El estructural incumplimiento del déficit público

Juan Rallo

El déficit público de 2018 no ha cerrado en el 2,2% del PIB, tal como nos habíamos comprometido con Bruselas, sino en el 2,6%: un desajuste de 31.800 millones de euros que ha disparado el volumen de deuda pública hasta su nivel más alto de la historia, a saber, 1,174 billones de euros (el 97,2% del PIB). La buena noticia –y parcial– es que España abandona por primera vez en una década el llamado «Procedimiento de Déficit Excesivo» a través del cual la Unión Europea nos tutelaba de manera más directa a la hora de avanzar en la reducción de nuestro desequilibrio presupuestario. A partir de este momento, «volaremos solos», lo cual, como apuntaba, no debiera ser un motivo de absoluta alegría, puesto que nuestros gobernantes exhiben una fuerte propensión a caer en el vicio del endeudamiento, sobre todo en los meses previos a unas elecciones.

Sin ir demasiado lejos, la ministra de Hacienda, María Jesús Montero, no sólo comunicó ayer que España había incumplido sus objetivos de déficit para 2018, sino que también hará lo propio en 2019. En concreto, frente a nuestro compromiso de déficit del 1,3% del PIB. Recordemos que el PSOE no obtuvo mayoría suficiente en el Senado como para modificar la senda de nuestro desequilibrio presupuestario. El Gobierno socialista anuncia que, como poco, terminaremos 2019 en el 2%. Y semejante previsión a buen seguro se ubicará sustancialmente por debajo de la real. No en vano, el Banco de España estima que, de momento, vamos camino del 2,5% del PIB, esto es, vamos camino de calcar el mismo déficit con el que hemos terminado 2018 (lo que, en otras palabras, supone desaprovechar todo un año de crecimiento económico).
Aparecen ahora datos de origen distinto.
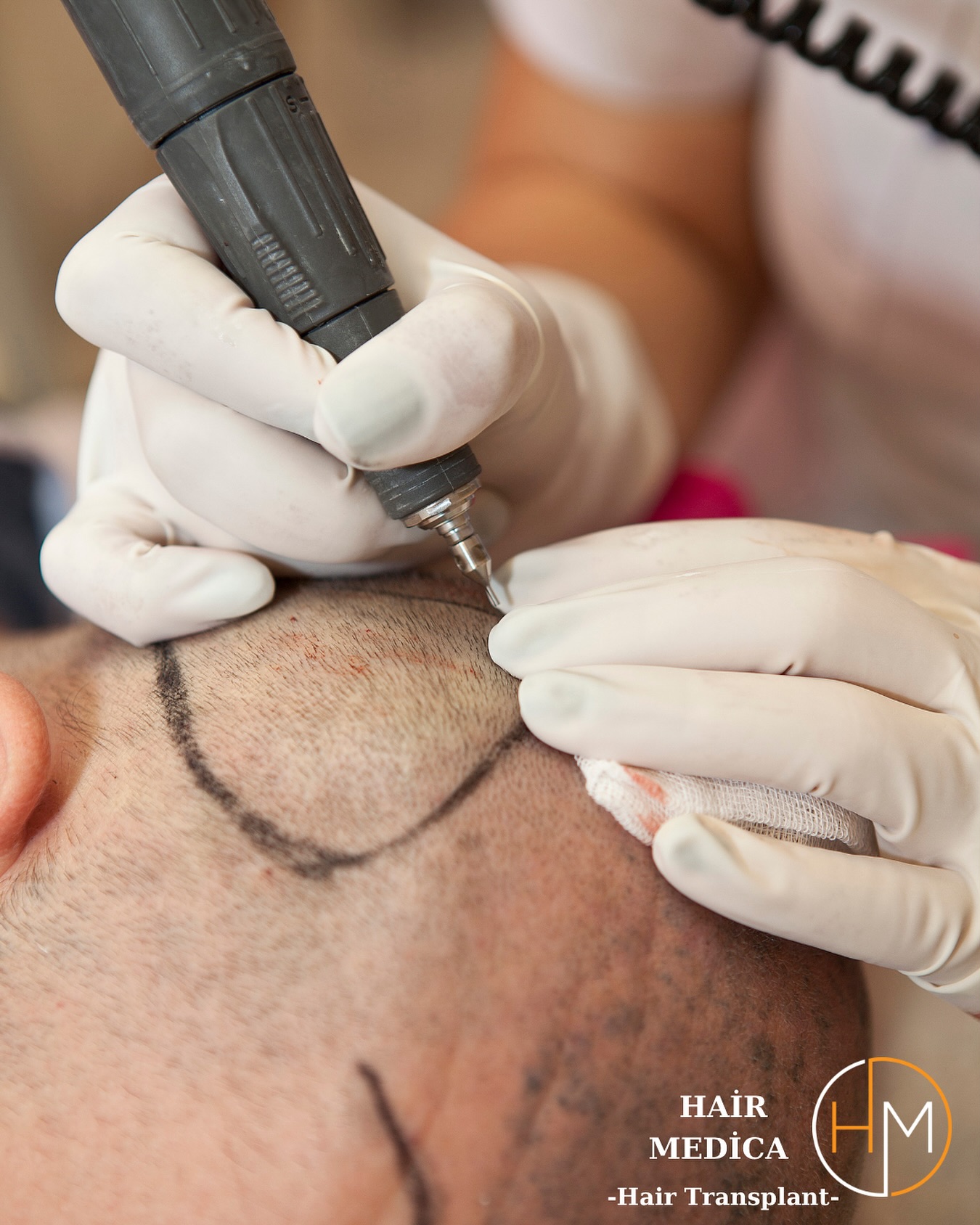 Hair Medica Saç Ekim Merkezi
A nadie, de hecho, debería extrañarle que, tras la obscena sucesión de los llamados «viernes sociales», que en el fondo no son más que «viernes electorales», el déficit se esté desviando sustancialmente del que debería seguir siendo nuestro objetivo para 2019 –el 1,3% del PIB–, más gasto y más déficit. Pero acaso lo más preocupante de todo es que nuestro país no está haciendo ningún esfuerzo por acabar con el «déficit estructural» (aquel no imputable a la situación coyuntural de la economía): desde 2015, este déficit estructural sigue atascado en el entorno del 3% del PIB, lo que nos deja escaso margen de maniobra para cuando la coyuntura se torne negativa.
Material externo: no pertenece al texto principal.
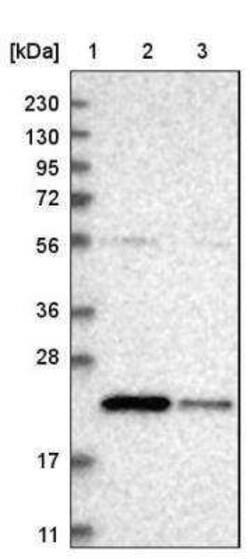 SAT2 Antibody, Novus Biologicals 25 &mu;L | Buy Online | Novus Biologicals | Fisher Scientific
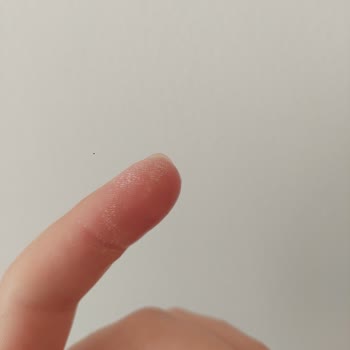 Vanish Kosla Migros Şikayet Parmaklarım Yandı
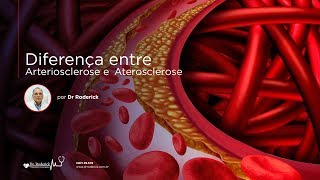 Diferença entre Arteriosclerose e Aterosclerose  Por Dr Roderick [upl. by Wojcik]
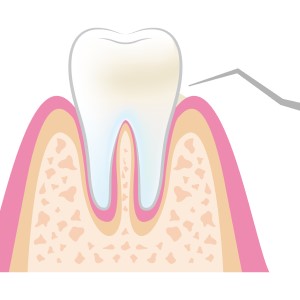 歯石除去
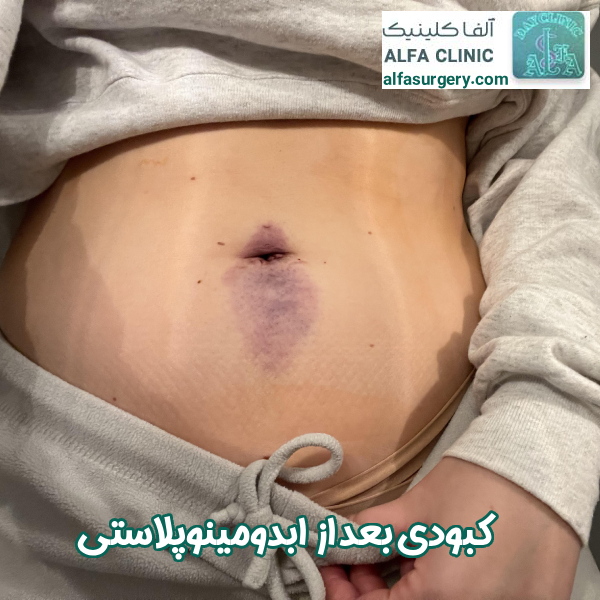 کبودی بعد از ابدومینوپلاستی - مرکز جراحی آلفا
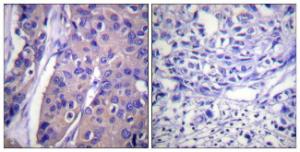 Immunohistochemical analysis of paraffin-embedded human breast carcinoma using Anti-C-RAF (phospho Ser296) Antibody. The right hand panel represents a negative control, where the Antibody was pre-incubated with the immunising peptide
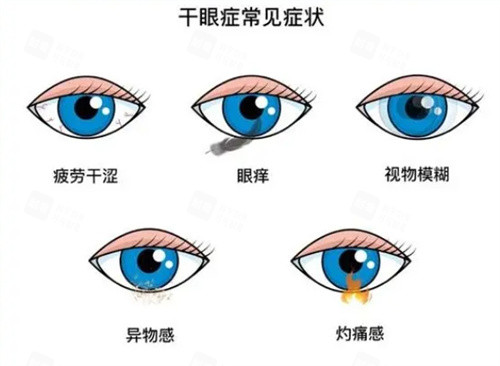 干眼症常见症状 干眼症常见症状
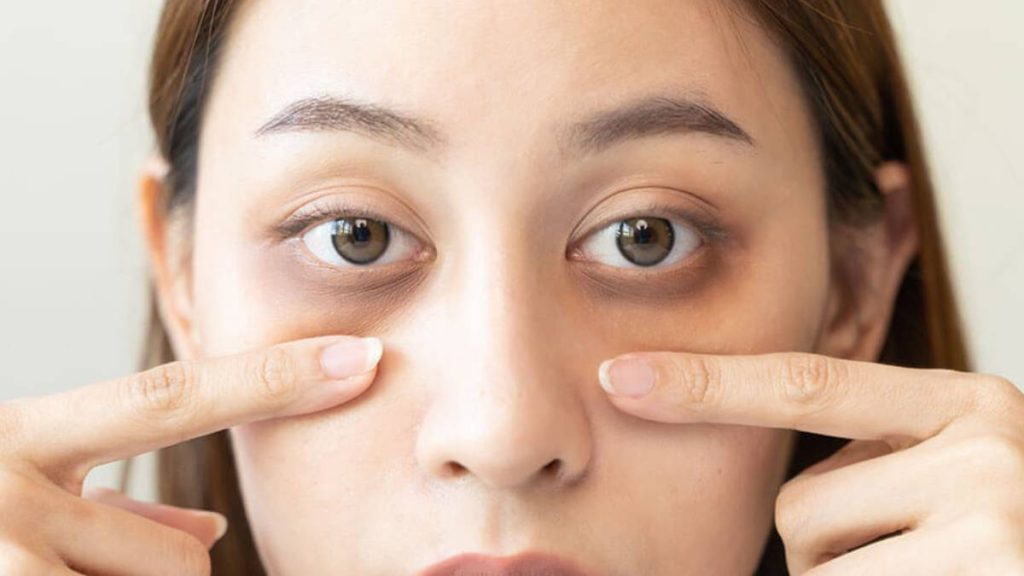 برای سیاهی دور چشم چی خوبه؟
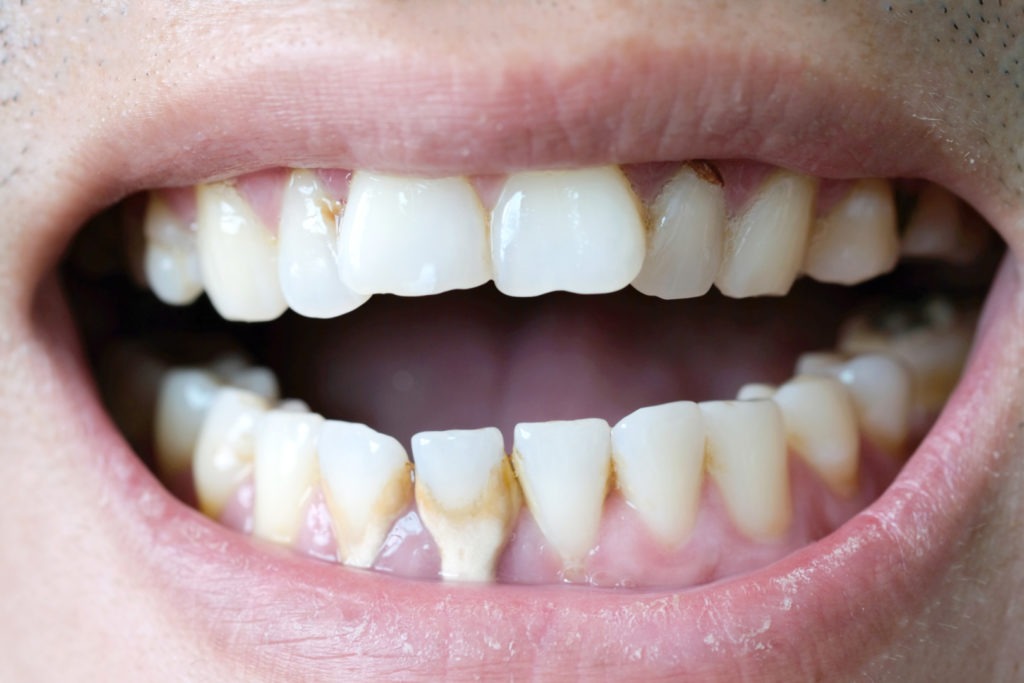 Zapalone i odsłonięte dziąsła powodują nadwrażliwość zębów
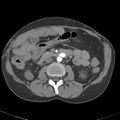 Biliary necrosis - liver transplant (Radiopaedia 21876-21845 A 30).jpg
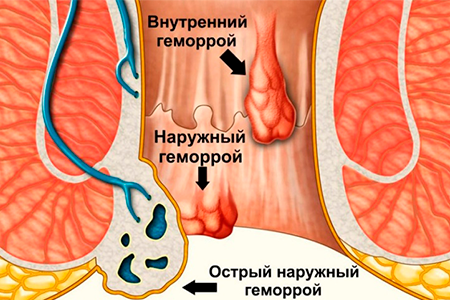9590.png 9590.png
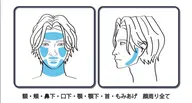 ヒゲ脱毛全顔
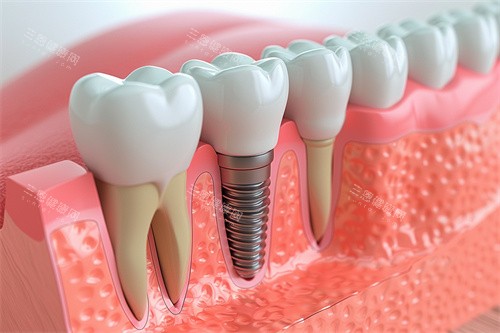 种植牙与正常牙齿模型对比漫画图 种植牙与正常牙齿模型对比漫画图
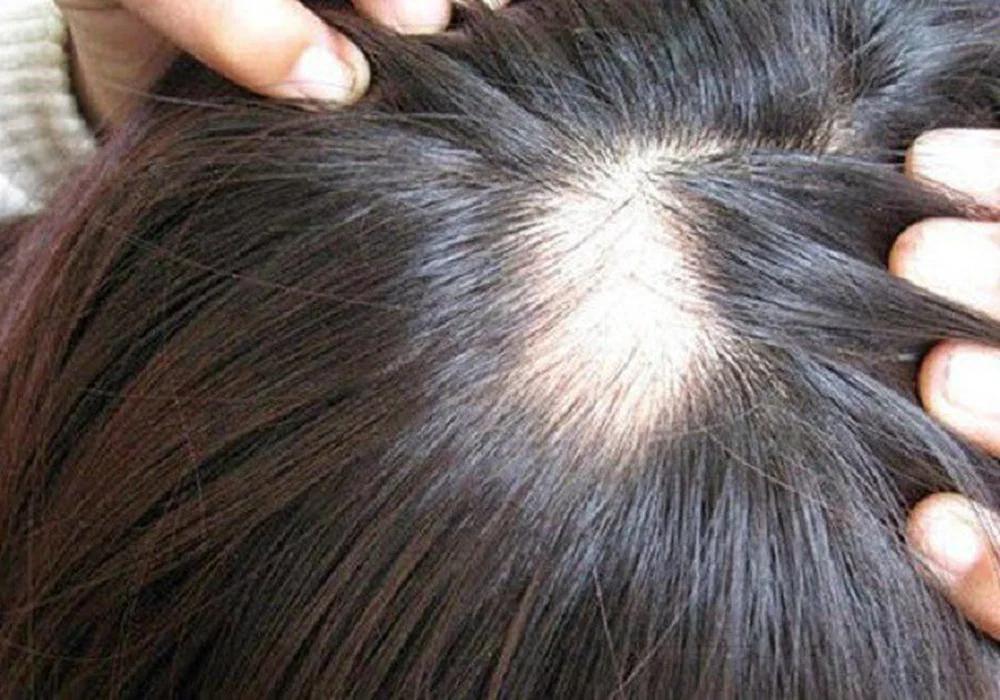 Rụng tóc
Todo lo cual, en suma, sólo pone de manifiesto que al PSOE le importa más su permanencia en el poder que la sostenibilidad financiera de España en el largo plazo. No debiera ser de recibo que más de una década después de iniciada la crisis económica todavía estemos cargando con un déficit público que sólo contribuye a perpetuar nuestra deuda estatal en unos niveles peligrosamente elevados. Al contrario de lo que han hecho otros países mucho más responsables que el nuestro –por ejemplo, Irlanda–, no hemos aprovechado la época de bonanza para sanear nuestro endeudamiento público: al contrario, hemos aprovechado el crédito barato del Banco Central Europeo para seguir acumulando pasivos estatales como si no hubiera un mañana. Por ello, cuando llegue una nueva crisis –y llegará–, cargaremos con una muy onerosa hipoteca que habrán contraído todos los irresponsables gobernantes actuales con el único afán de comprar votos y maximizar sus opciones de permanencia en La Moncloa. Más deuda presente son mayores impuestos y mayores riesgos financieros futuros.